# Lawnmower- Handle Broke



## sweaty (Jul 18, 2008)

The metal on my handlebar just ripped right through. It is a Craftsman model# 917.387620, serial# 030802M 035060. Getting a new part is probably more than the mower is worth. How do I find a part that fit fit on?


----------



## Chemist1961 (Dec 13, 2008)

If it's a simple handle with no controls you may abe able to brace it with a piece of pipe, slighty larger diameter for short term, but if you're going to keep it there should be a few mower shops around with plenty of scrapped parts...


----------



## Ron6519 (Mar 28, 2007)

sweaty said:


> The metal on my handlebar just ripped right through. It is a Craftsman model# 917.387620, serial# 030802M 035060. Getting a new part is probably more than the mower is worth. How do I find a part that fit fit on?
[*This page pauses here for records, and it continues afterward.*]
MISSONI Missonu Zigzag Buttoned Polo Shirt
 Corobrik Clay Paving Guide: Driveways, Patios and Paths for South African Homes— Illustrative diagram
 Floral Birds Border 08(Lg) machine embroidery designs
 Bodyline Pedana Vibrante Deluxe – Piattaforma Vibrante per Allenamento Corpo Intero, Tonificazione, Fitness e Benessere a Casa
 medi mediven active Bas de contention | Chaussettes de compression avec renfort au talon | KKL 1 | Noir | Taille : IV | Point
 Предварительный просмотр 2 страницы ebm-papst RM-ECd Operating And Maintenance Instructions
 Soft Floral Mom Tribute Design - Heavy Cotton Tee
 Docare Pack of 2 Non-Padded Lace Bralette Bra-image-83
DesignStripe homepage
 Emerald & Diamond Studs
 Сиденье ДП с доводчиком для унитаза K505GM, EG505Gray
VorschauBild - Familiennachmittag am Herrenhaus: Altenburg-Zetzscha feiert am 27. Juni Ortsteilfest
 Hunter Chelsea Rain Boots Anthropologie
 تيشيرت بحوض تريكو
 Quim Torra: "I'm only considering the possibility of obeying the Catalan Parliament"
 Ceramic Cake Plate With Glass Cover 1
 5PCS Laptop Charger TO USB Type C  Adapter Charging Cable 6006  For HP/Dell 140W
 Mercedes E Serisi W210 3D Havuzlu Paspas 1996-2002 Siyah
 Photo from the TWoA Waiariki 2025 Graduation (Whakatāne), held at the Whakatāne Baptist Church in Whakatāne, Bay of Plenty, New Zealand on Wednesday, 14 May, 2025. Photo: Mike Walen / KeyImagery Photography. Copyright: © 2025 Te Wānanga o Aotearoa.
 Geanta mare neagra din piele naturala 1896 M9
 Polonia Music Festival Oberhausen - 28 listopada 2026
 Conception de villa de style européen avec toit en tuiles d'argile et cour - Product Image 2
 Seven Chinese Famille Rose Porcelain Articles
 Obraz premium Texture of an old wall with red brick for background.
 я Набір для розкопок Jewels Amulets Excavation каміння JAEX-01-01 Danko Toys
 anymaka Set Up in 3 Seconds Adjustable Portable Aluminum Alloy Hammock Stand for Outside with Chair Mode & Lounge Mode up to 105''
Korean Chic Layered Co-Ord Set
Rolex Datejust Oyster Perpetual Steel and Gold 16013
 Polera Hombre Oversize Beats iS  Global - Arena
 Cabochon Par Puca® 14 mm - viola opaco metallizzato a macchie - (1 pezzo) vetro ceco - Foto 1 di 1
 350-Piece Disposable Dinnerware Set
Look on Craig's List, maybe you'll get lucky. Try looking under Free Stuff also.
Ron


----------



## ratherbefishin' (Jun 16, 2007)

You don't say exactly what handle part is broken. Go to www.searspartsdirect.com and put in your model # to see the diagram and parts list. Replacement parts for these mowers aren't expensive. One of mine is a very similar model with a 6hp Briggs, still going strong after 12 years.


----------